=== Data section ===
★ ★ ★ ★ ★ ★ ★

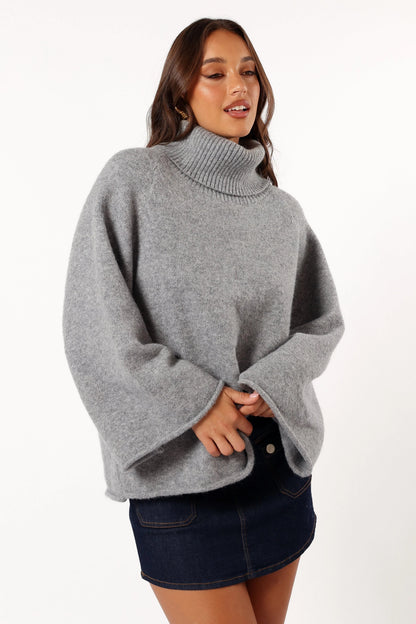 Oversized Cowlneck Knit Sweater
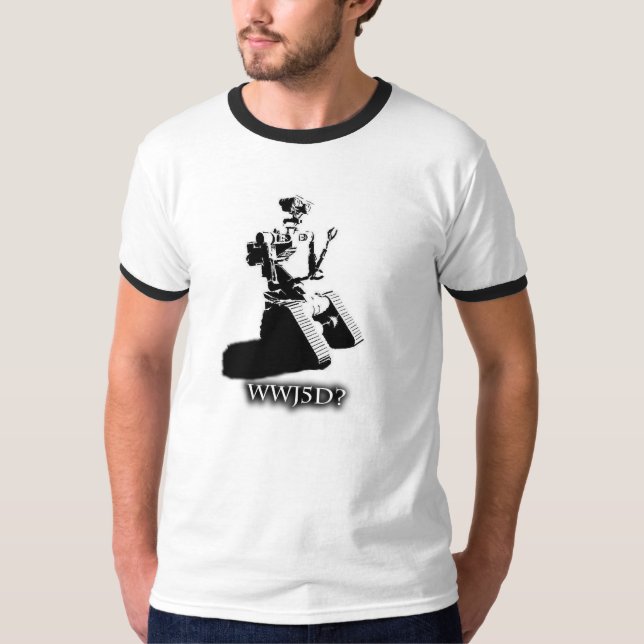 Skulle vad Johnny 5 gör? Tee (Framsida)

★ ★ ★ ★ ★ ★ ★

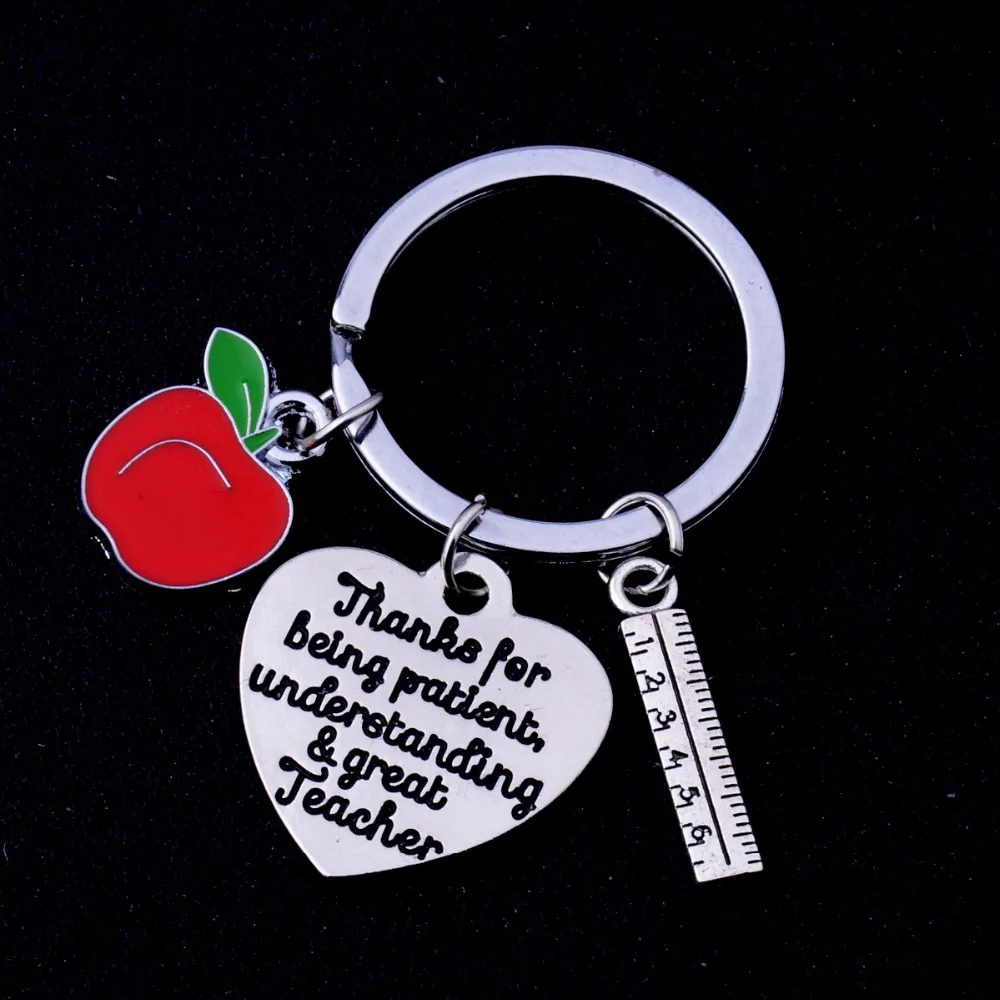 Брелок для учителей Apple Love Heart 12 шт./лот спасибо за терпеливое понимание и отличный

★ ★ ★ ★ ★ ★ ★

=== Work request ===
Output exactly the lines of the listing above that start with the one holding "Oversized Cowlneck Knit Sweater" and go on through the one holding "Skulle vad Johnny 5 gör? Tee (Framsida)"; leave the pictures out.

=== Solution for this problem ===
 Oversized Cowlneck Knit Sweater
 Skulle vad Johnny 5 gör? Tee (Framsida)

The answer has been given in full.